My Father’s Child is Turning 65

By Jim Sollisch, LinkedIn

I was 33 when my father died, but in my grief I felt like a small child, not an adult who already had children. It’s taken me years to understand that I was a child, even longer to grasp that I will be a child forever because time is an acid-tripping, unreliable narrator.

In the days and weeks after my father died, every time I saw a person in his 60s, I had this sequence of thoughts: He sees me and remembers when he was my age. He can’t believe how fast 30 years went by. I’ll be 65 before I know what hit me. And then I’ll be dead. I’ll never squeeze enough out of this life because time is rushing like a high-speed train I can’t stop.

That was my life-is-short logic loop.
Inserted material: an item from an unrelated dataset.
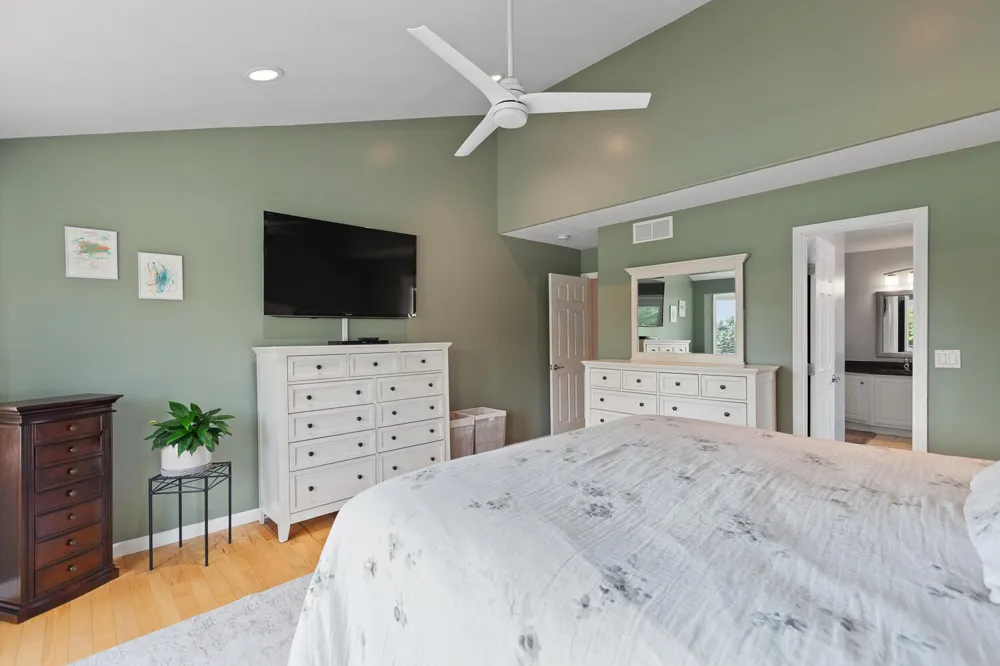 32321 Liparoto Drive Rockwood City, MI 48173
And I got stuck in it. For most of the next year, I hurtled down time’s track several times a day toward the moment of my future death. Yet time also kept to its normal schedule, in which each hour consists of 60 minutes and the calendar functions perfectly, and my children learned to tie their shoes and throw a ball and ride a bike. I watched like a ghost from my deathbed. I was Bill Murray in “Groundhog Day,” which wouldn’t be released for a couple of years. What did I have to do to leave this future in which I was always about to die? I had no idea.

At some point my mind released me. I exited the train. I was 33 now for most of the day, and I could mourn my father without fear.

And here I am, a few blinks later, turning 65, the same age my father was when he died.

I am not afraid I will die this year. I don’t feel I am passing a milestone. I expected that I would surpass my father’s age of death, but I didn’t expect to feel grief. In this year when we have become the same age, I feel as if I am losing my father again. Even though I have been fatherless for 32 years, he was always ahead of me, showing me the way. He was older. Because fathers are older than their children. If I am older, is he still my father? Welcome to my new logic loop.

I see my father on the train station, platform 65, waving to me as I hurtle past. I am traveling alone the rest of the way. Time is a bandit. Again.

And now I realize how young my father was when he died. That he craved all the joys and temptations he always had. That his insecurities hadn’t expired because he reached a certain birthday. Now I know that the voice inside his head was still youthful and rebellious, that time in all its trickery lets old people walk around forever young inside, their core selves immune from life’s chronology even as their bodies bend and twist and their hands spot with age. Now I know that we are all children still, dressed in our costumes of age, time’s makeup perfectly applied.